Exercise objective ▸ Nothing outside the range is to be copied. From the entries below, reproduce exactly the lines starting at the one with "Shop_Jayanti Reddy_Grey Embroidery" and ending at the one with "LV T Shirt Camo Tie & Dye Blue", without pictures.

Data shown ▸
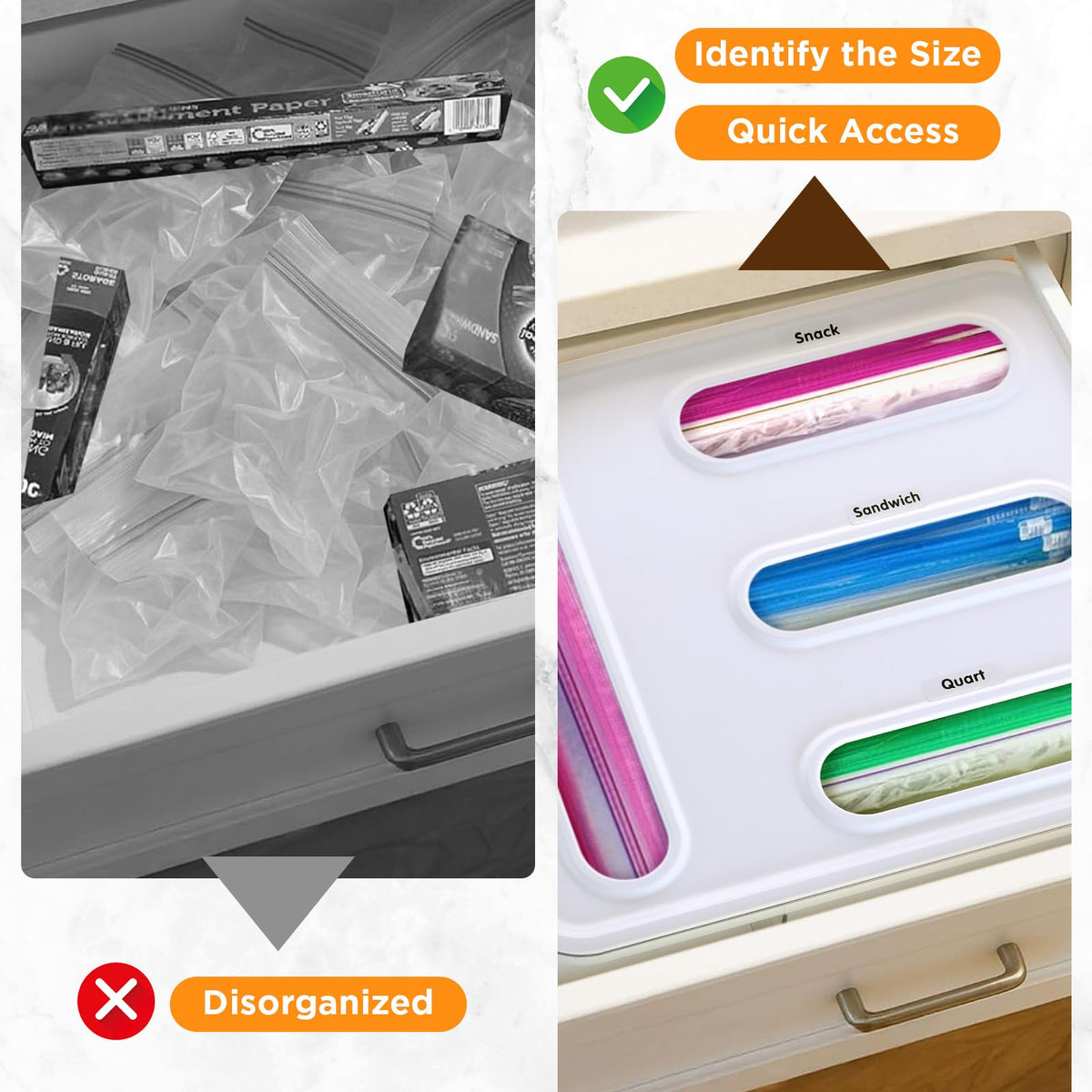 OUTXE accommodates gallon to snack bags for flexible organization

---

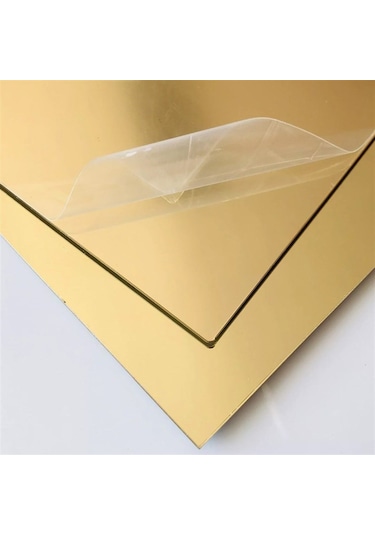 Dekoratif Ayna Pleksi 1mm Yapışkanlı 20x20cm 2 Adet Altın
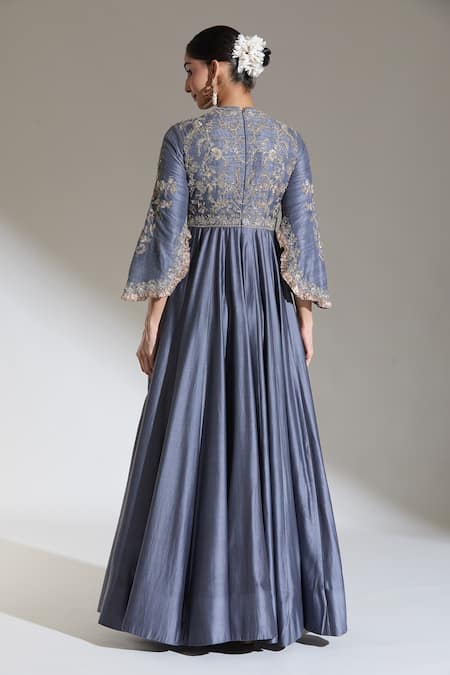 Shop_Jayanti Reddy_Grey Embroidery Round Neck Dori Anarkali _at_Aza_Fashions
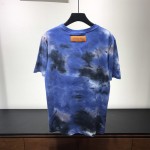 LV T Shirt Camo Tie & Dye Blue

==

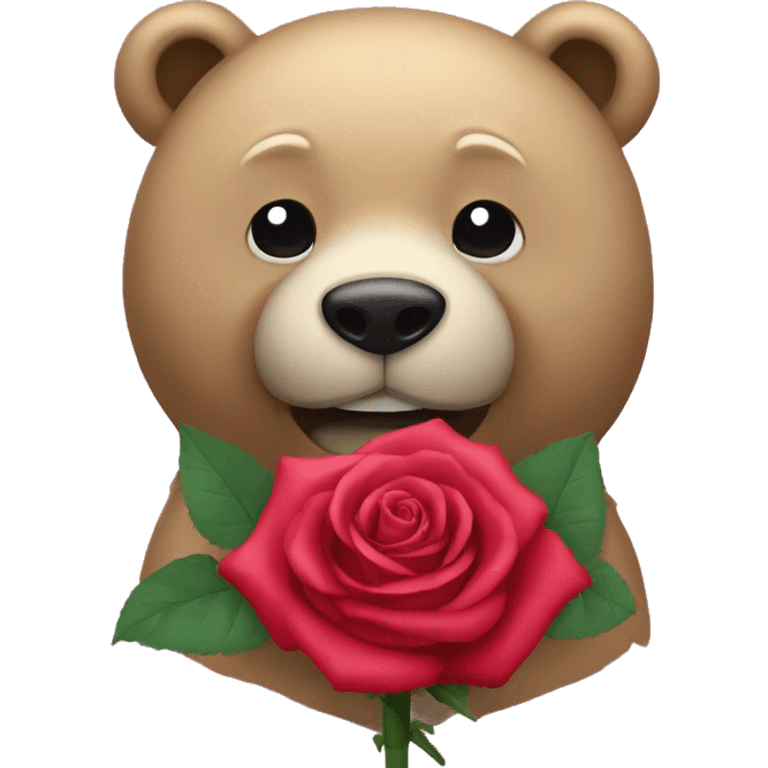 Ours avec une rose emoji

Expected answer ▸
 Shop_Jayanti Reddy_Grey Embroidery Round Neck Dori Anarkali _at_Aza_Fashions
 LV T Shirt Camo Tie & Dye Blue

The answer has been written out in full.